Return, with both end lines included, exactly what the data below holds from the line with "Freedom Greetings Embossed" through the line with "ant peties 24*26cm", though not the pictures.

■ Source data:
Segment Open
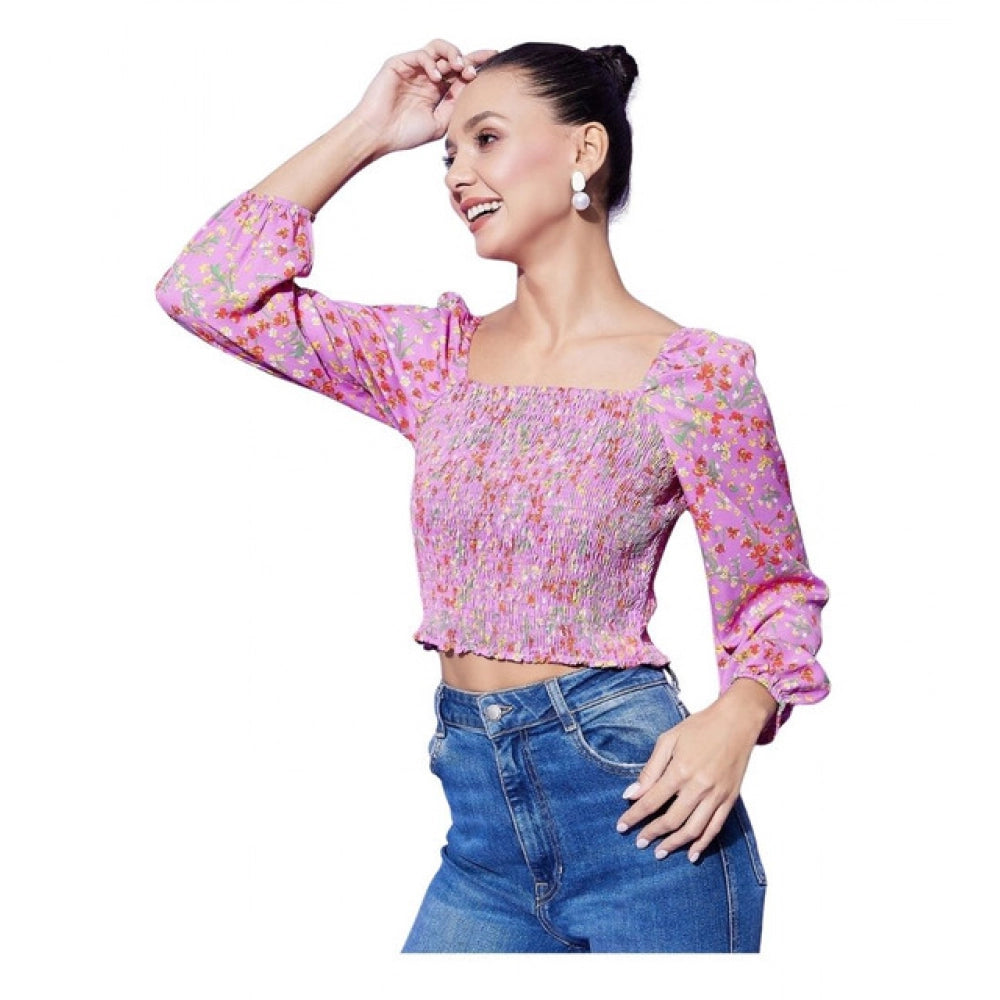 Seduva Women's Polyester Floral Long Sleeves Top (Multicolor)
Segment Closed
Segment Open
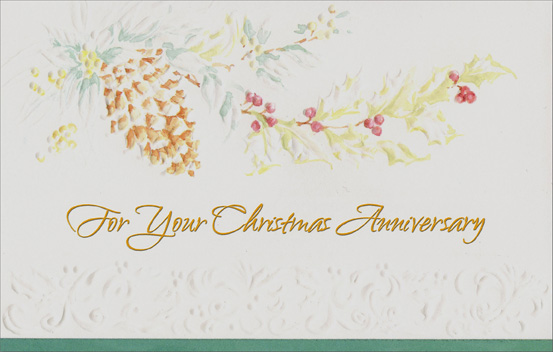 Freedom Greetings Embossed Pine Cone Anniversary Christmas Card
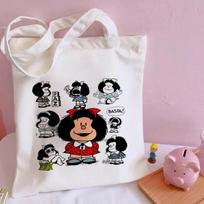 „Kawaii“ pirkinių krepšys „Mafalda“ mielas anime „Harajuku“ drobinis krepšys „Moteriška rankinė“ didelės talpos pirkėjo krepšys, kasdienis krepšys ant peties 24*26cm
Segment Closed
Segment Open
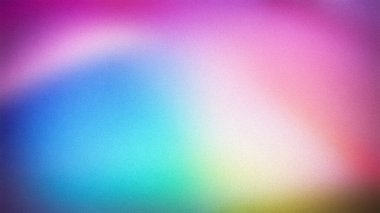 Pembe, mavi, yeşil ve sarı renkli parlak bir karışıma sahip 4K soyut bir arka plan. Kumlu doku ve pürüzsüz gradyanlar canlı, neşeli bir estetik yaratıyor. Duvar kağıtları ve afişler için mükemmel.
Segment Closed
■ Answer space:
 Freedom Greetings Embossed Pine Cone Anniversary Christmas Card
 „Kawaii“ pirkinių krepšys „Mafalda“ mielas anime „Harajuku“ drobinis krepšys „Moteriška rankinė“ didelės talpos pirkėjo krepšys, kasdienis krepšys ant peties 24*26cm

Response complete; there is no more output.